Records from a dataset
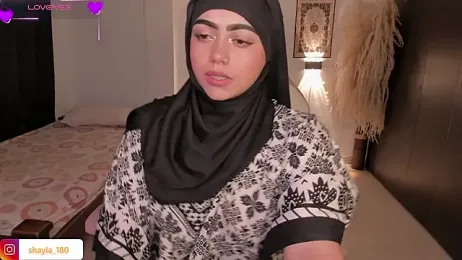 shayla_18 stripchat stream image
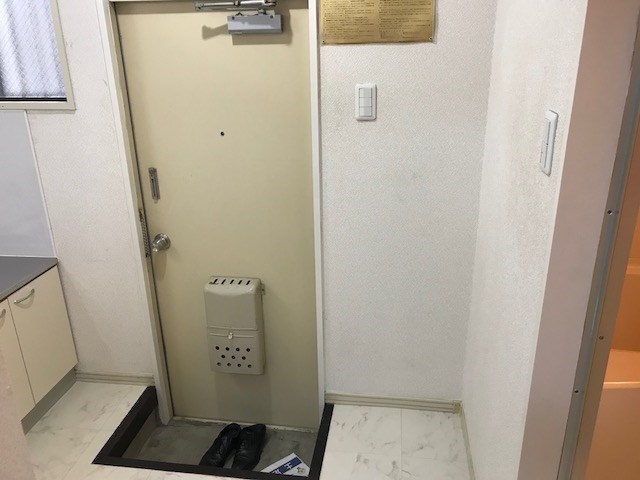 玄関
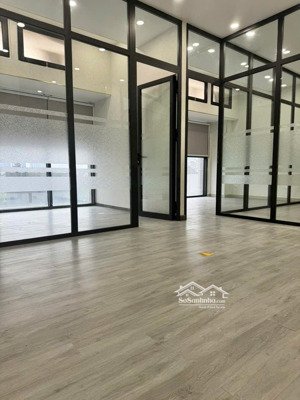văn phòng 100m2 cho thuê giá chỉ 23 triệu/tháng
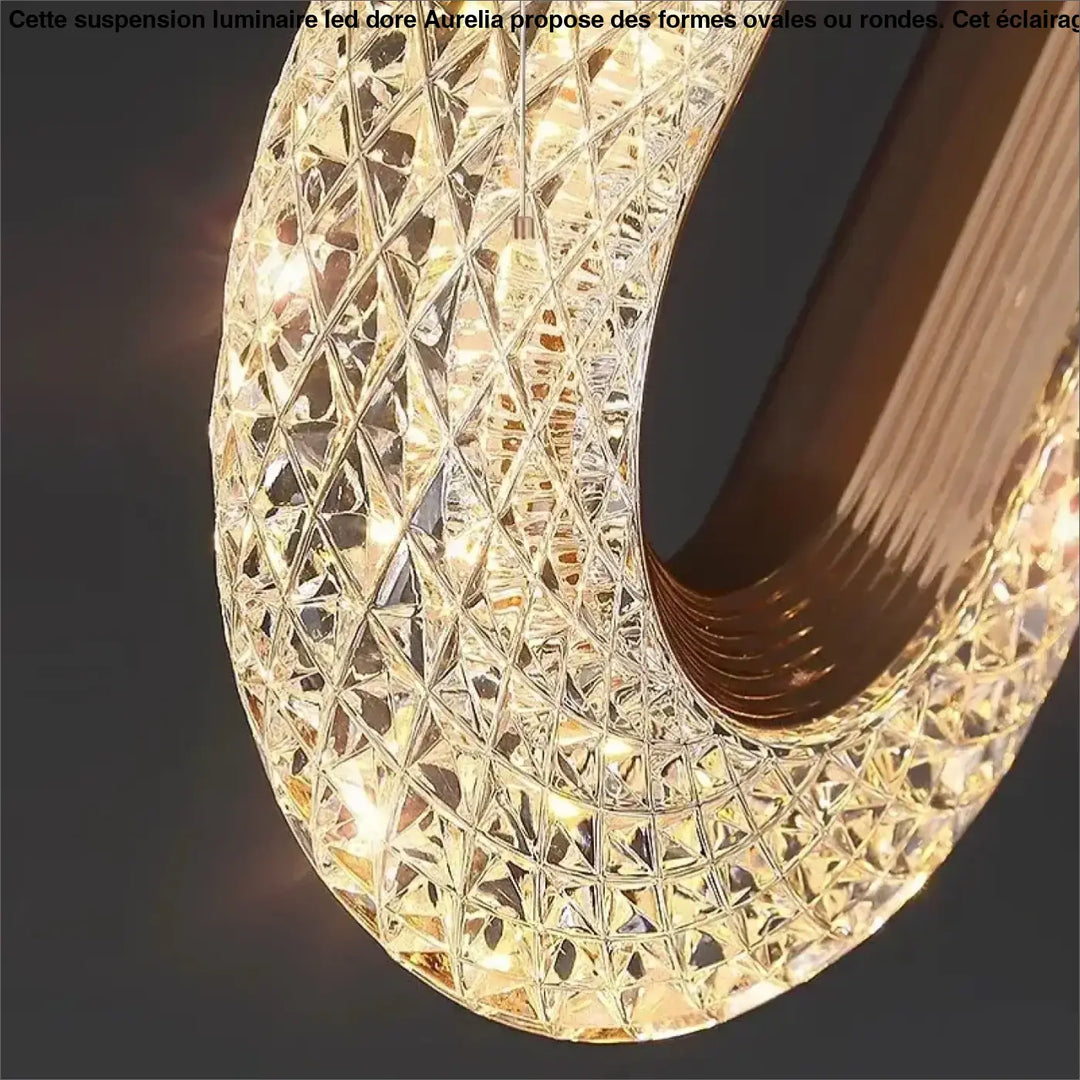 Suspension luminaire LED doré disponible en ovale ou rond

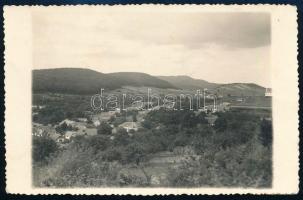 cca 1940 Pilisszentlászló fényképe madártávlatból, elküldött fotólap, 8,5×13 cm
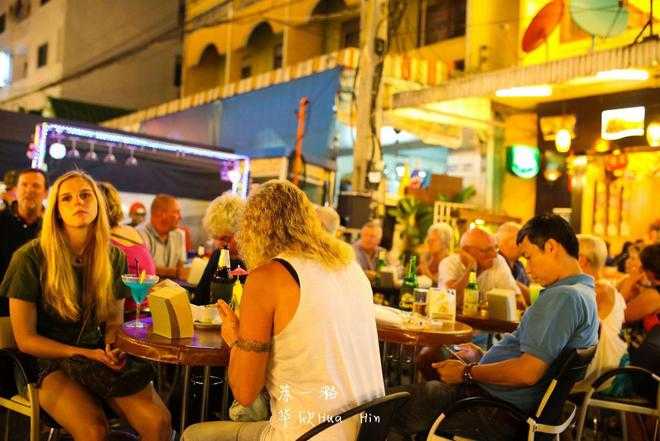 Hua Hin-Pattaya is a paradise for men, but Hua Hin is a place for relaxation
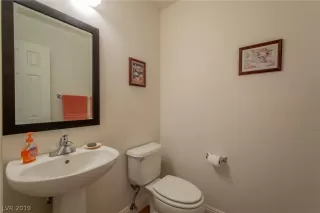 Photo #3: 2091890 Listing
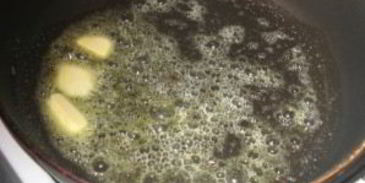 сливочно-сырный суп с чесночными сухариками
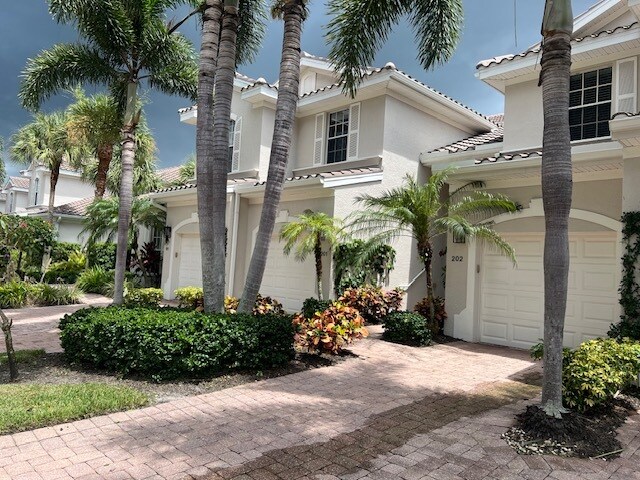 Building Photo - 12859 Carrington Cir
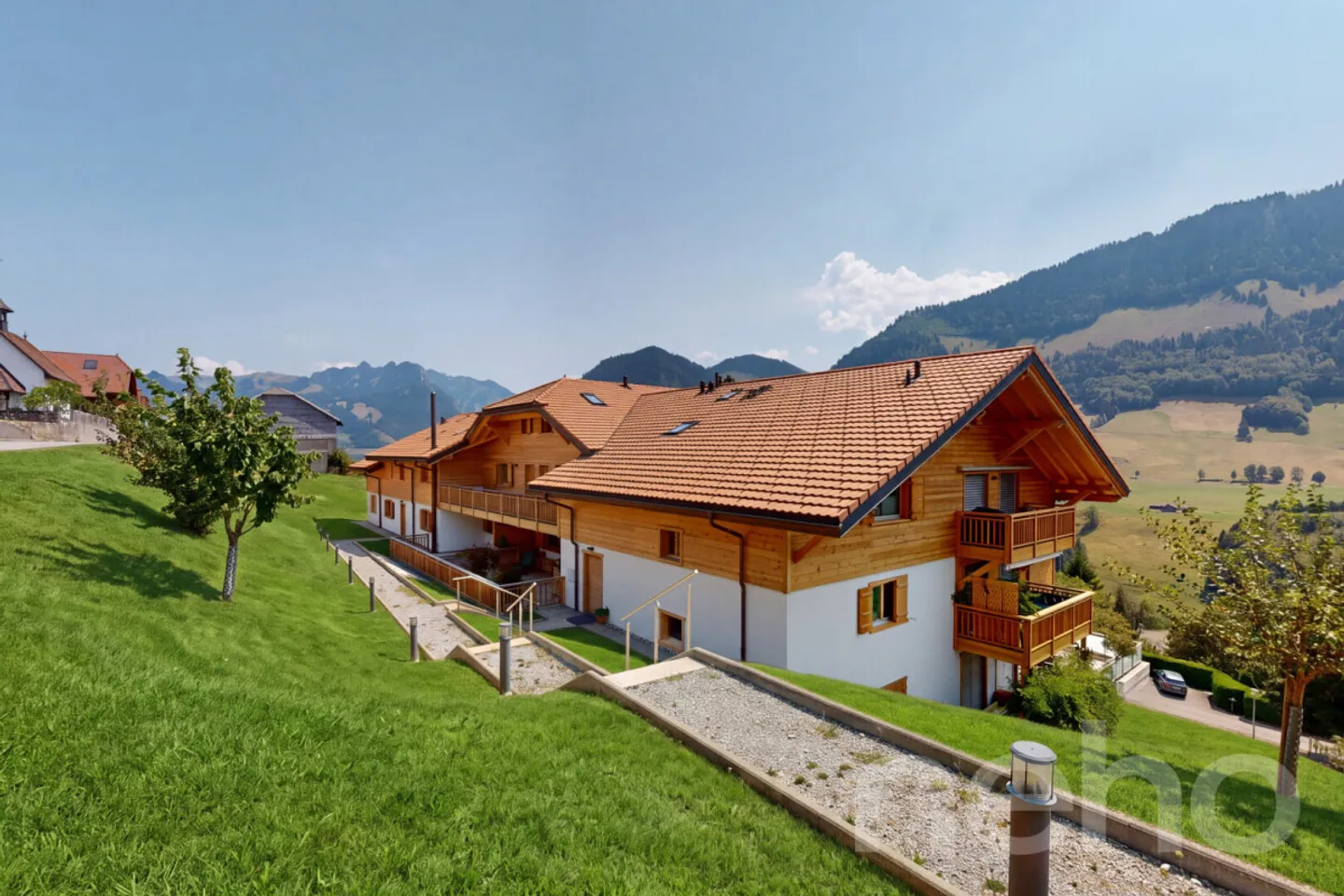 Appartamento in vendita - Foto 2 di 11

■ Work order ■
The complete set of records should be written out again, pictures excluded.

■ Completed exercise ■
 shayla_18 stripchat stream image
 玄関
văn phòng 100m2 cho thuê giá chỉ 23 triệu/tháng
 Suspension luminaire LED doré disponible en ovale ou rond

 cca 1940 Pilisszentlászló fényképe madártávlatból, elküldött fotólap, 8,5×13 cm
 Hua Hin-Pattaya is a paradise for men, but Hua Hin is a place for relaxation
 Photo #3: 2091890 Listing
 сливочно-сырный суп с чесночными сухариками
 Building Photo - 12859 Carrington Cir
 Appartamento in vendita - Foto 2 di 11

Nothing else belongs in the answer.